_Brief:_ Beginning at the line that contains "Pal Pal Dil", transcribe the remaining lines of the listing exactly; include the final line and omit everything before.

Data provided Start Marker

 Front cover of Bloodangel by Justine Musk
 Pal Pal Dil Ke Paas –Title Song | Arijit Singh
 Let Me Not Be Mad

Data provided End Marker

_Answer space:_
 Pal Pal Dil Ke Paas –Title Song | Arijit Singh
 Let Me Not Be Mad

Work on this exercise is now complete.